Here's why. I sold the idea of a book about the life and work of Eiji Tsuburaya -- the man who did the special effects for the classic Godzilla films of the 50s and 60s -- to Chronicle Books a number of years ago. That was the easy part. Then I had to sell the idea of the book to Tsuburaya Productions. That was like pulling teeth. But eventually I pushed it through the layers of corporate bureaucratic dumbness and got things rolling. Then I had to get the book itself together. As with most books Chronicle publishes (like The Beatles Anthology or Inside Out: A Personal History of Pink Floyd or even What's Your Poo Telling You?) the focus was going to be more on photos than text. So I had to run all over Japan and America rounding up cool photos of Eiji Tsuburaya at work on Godzilla movies and Ultraman TV shows, paying special attention to pictures that hadn't been published a million times over already. I then had to figure out who owned the rights to these shots and secure permission for their use as well as arrange proper payment to the rights holders. Then I had to write captions for all the pictures and tell the book designers which chapters they went with.

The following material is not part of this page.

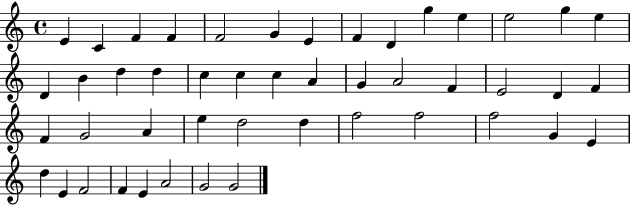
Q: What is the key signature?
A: C major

On the writing side, I had to commission August to write it and see that he got paid. After he turned in a manuscript nearly three times as long as we could use, I had to work with Chronicle to decide where to cut it. Then I had to go through the entire text, with August's MS on one side of the desk and a pile of Japanese books about Eiji Tsuburaya on the other, and fact check everything, making corrections where needed. August very definitely wrote the text of the book. No question about that. I don't make any claims to having written anything but the photo captions and my own sidebar, as well as ghost-writing Akira Tsuburaya's sidebar based on interviews with him I conducted for the book. But there wouldn't have been a book to write without the stuff I did. So I feel like it's my baby, and maybe August is my (gulp) boyfriend... (to extend the baby metaphor to a highly uncomfortable degree)

I'm really happy with the way the book turned out. I think it's one of the best books on the subject of Eiji Tsuburaya's life and work ever done, even including some of the terrific ones available in Japanese. August turned in a fine piece of writing and the designers did an amazing job of taking what we gave them and turning it into a very classy book.

Aside from being a cool book about guys dressing in rubber dinosaur costumes and knocking down miniature recreations of Tokyo (which is enough right there if you ask me), it's an incredible piece of social anthropology. The very first Godzilla film (available on DVD as Gojira / Godzilla Deluxe Collector's Edition (Gojira/Godzilla [1954] / Godzilla, King of the Monsters [1956])) was probably the very first film about the atomic bombings of Hiroshima and Nagasaki. Watch the Japanese version sometime. It's a fairly grim and serious movie, with the monster as such an obvious stand-in for the bomb you can't possibly miss it. Eiji had done special effects for Japanese propaganda pictures during the war, and it was those techniques he put to use on his monster movies. But his work on propaganda films got him blacklisted by the US occupation forces, which is why he didn't do much work under his own name for the first few years after the war. Godzilla was a movie that could not have been made under US occupation censorship rules. It's significant that it was made just a couple years after the Yanks left.

So there ya go. All you folks who are saying you want to read another book by me, there's your chance. Makes a great Buddha's Enlightenment Day (Dec. 8) gift!